## Task directions
Quote the listing in full, exactly as given, minus any pictures.

## Material for this task
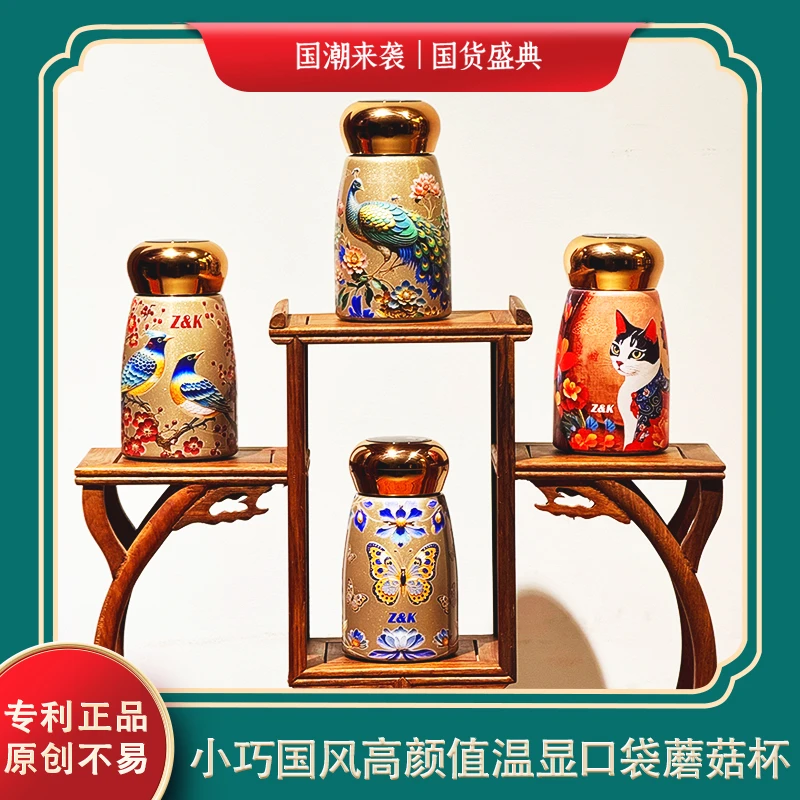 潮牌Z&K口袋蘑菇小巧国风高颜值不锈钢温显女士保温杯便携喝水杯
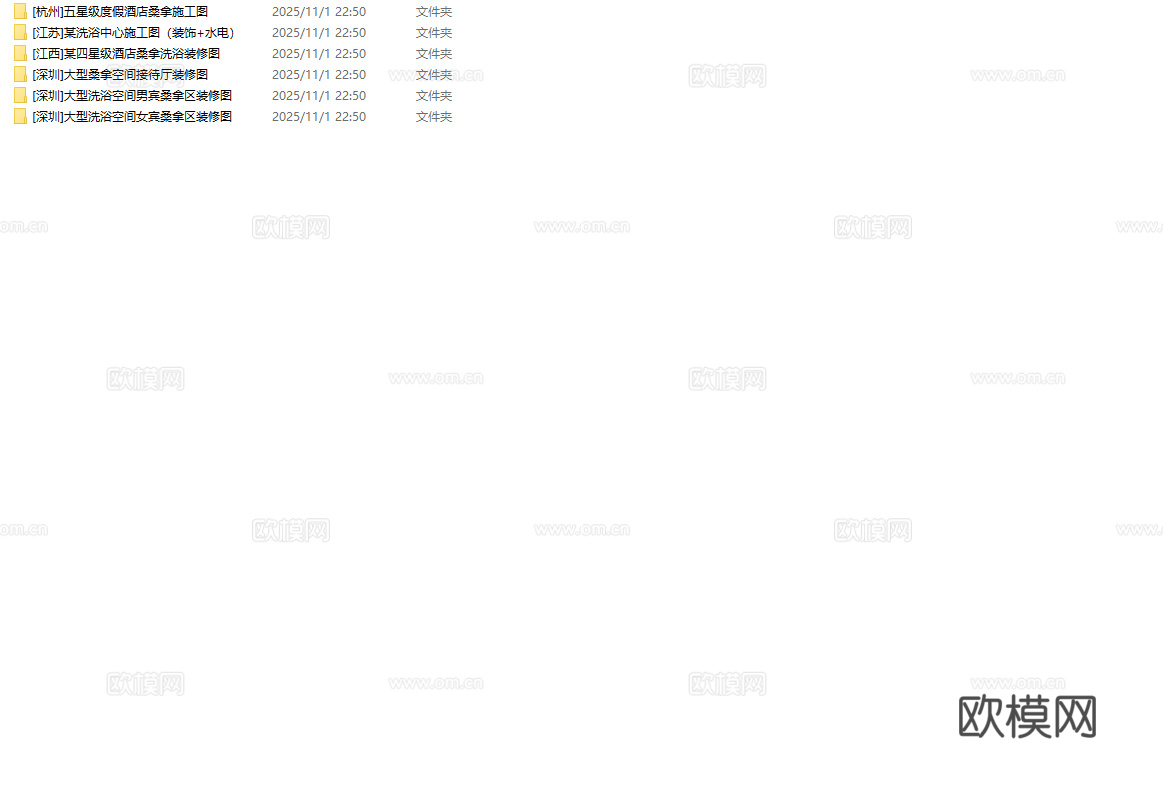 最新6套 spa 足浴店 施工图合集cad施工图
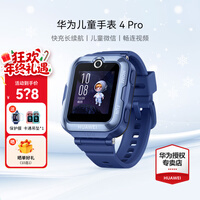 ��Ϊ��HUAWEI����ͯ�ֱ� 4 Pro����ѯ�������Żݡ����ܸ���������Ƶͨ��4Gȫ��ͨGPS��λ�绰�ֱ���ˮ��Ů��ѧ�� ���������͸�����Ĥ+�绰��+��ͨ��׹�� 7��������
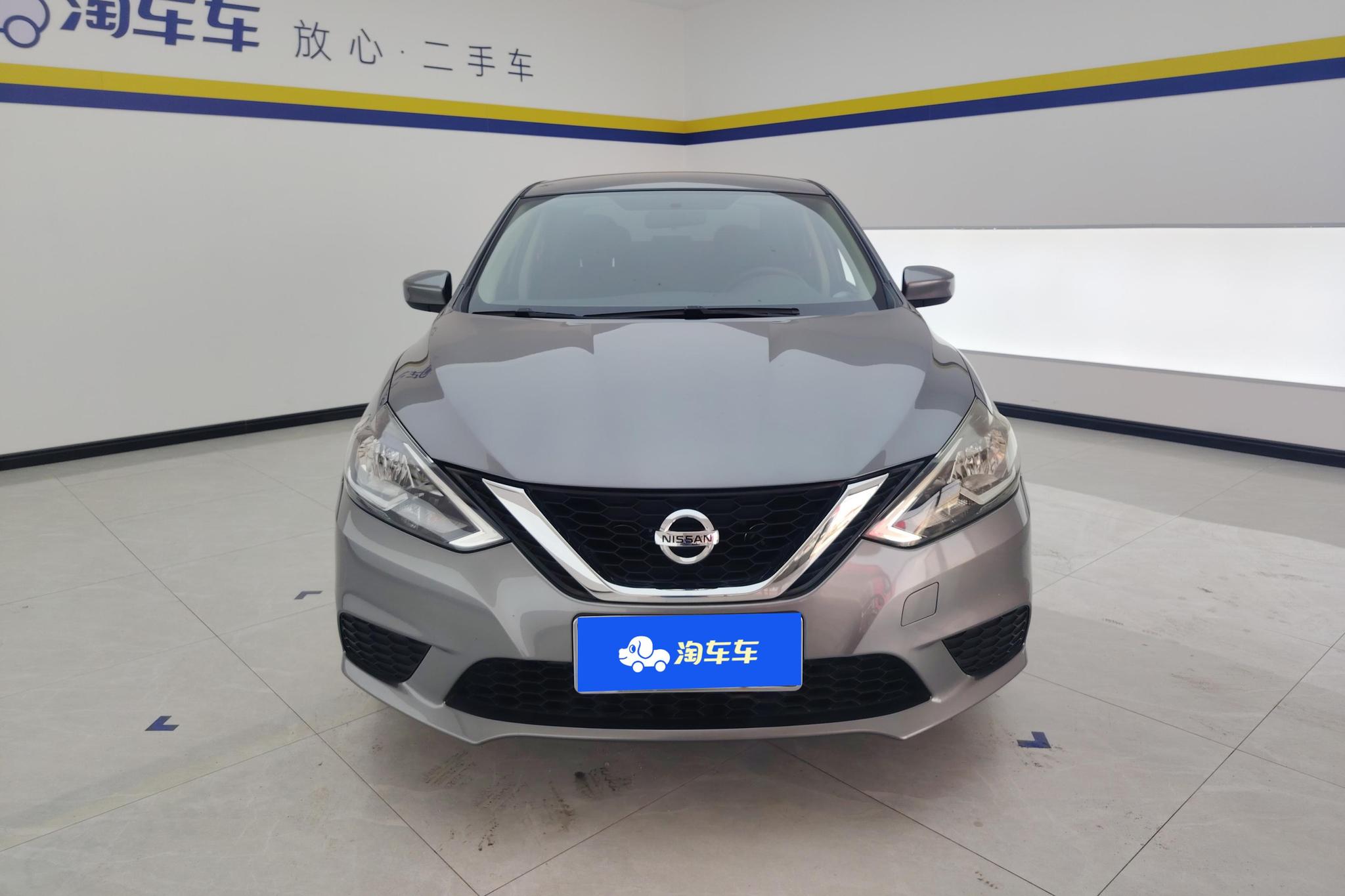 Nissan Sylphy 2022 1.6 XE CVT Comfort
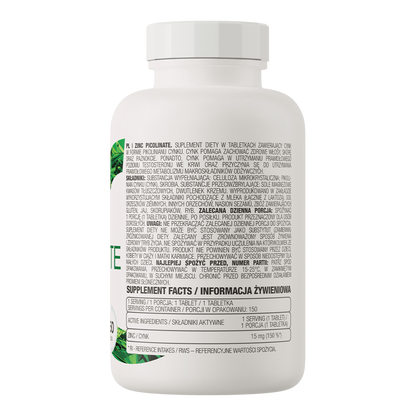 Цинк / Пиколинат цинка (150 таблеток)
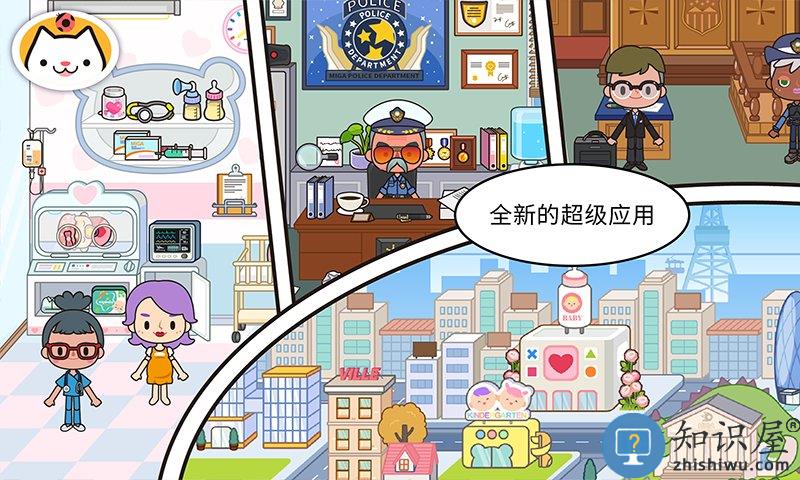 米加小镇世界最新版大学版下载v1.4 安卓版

## Exercise result
 潮牌Z&K口袋蘑菇小巧国风高颜值不锈钢温显女士保温杯便携喝水杯
 最新6套 spa 足浴店 施工图合集cad施工图
 ��Ϊ��HUAWEI����ͯ�ֱ� 4 Pro����ѯ�������Żݡ����ܸ���������Ƶͨ��4Gȫ��ͨGPS��λ�绰�ֱ���ˮ��Ů��ѧ�� ���������͸�����Ĥ+�绰��+��ͨ��׹�� 7��������
 Nissan Sylphy 2022 1.6 XE CVT Comfort
 Цинк / Пиколинат цинка (150 таблеток)
 米加小镇世界最新版大学版下载v1.4 安卓版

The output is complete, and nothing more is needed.